MRI is invaluable for ruling out other causes - but if it is trochanteric bursitis it may miss it. And that would have been my first line thought.
However - are they entirely sure there isn't something else going on? Nighttime pain that improves on getting up and moving is typical of anklyosing spondylitis which can be confused with PMR in its early stages. Also, it responds to NSAIDs and less to pred. Did the MRI include the spine and sacroiliac joints?
The scan was just the hips as they were looking to rule out Avascular Necrosis. I do get confused with all that’s going on. Yes NSAIDs seem to help. However if I drop below 12mg of pred my symptoms get worse. Add into the mix that my CRP was normal on my last blood test, the first time since diagnosis! I’ll mention anklyosing spondylitis the next time I see the rheumatologist. Thanks for replying, helpful as always😃
I had a quick skim read of your old posts and it struck me how proactively you have tried to manage this disease. I also noted that hip pain has been a feature and was mentioned by you a year ago. I also read your helpful link on inflammation leading to depression ( thanks for that it was pertinent to me today). I wonder if you have ever read your old posts that outline your epic battle. Sometimes truths and perspective emerge when you see the whole thing as a narrative. I can sense your frustration following the MRI Scan - not that you want anything serious - but you need an explanation and appropriate treatment.
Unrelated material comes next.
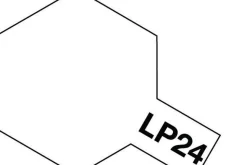 Tamiya LP-24 Semi-Gloss 10ml Clear Lacquer Paint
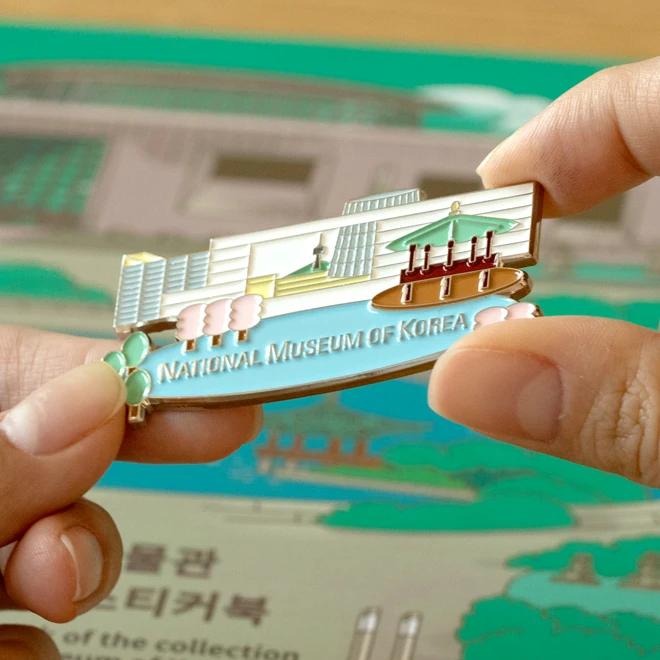 National Museum of Korea Celadon Magnet - Specialized Product of National Central Museum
As usual, PMRPro’s theory is a good one. I would try that avenue. Wishing you a second wind and a solution. Kind regards. Jane.
So sorry to read this Griggser. You might be interested to know we have a talk from the Rheumatology pharmacist at our group meeting 2nd week in October. Hope to see you there.
How could you? 😢😎 Do hope it makes a difference & you get to the bottom of this hip pain.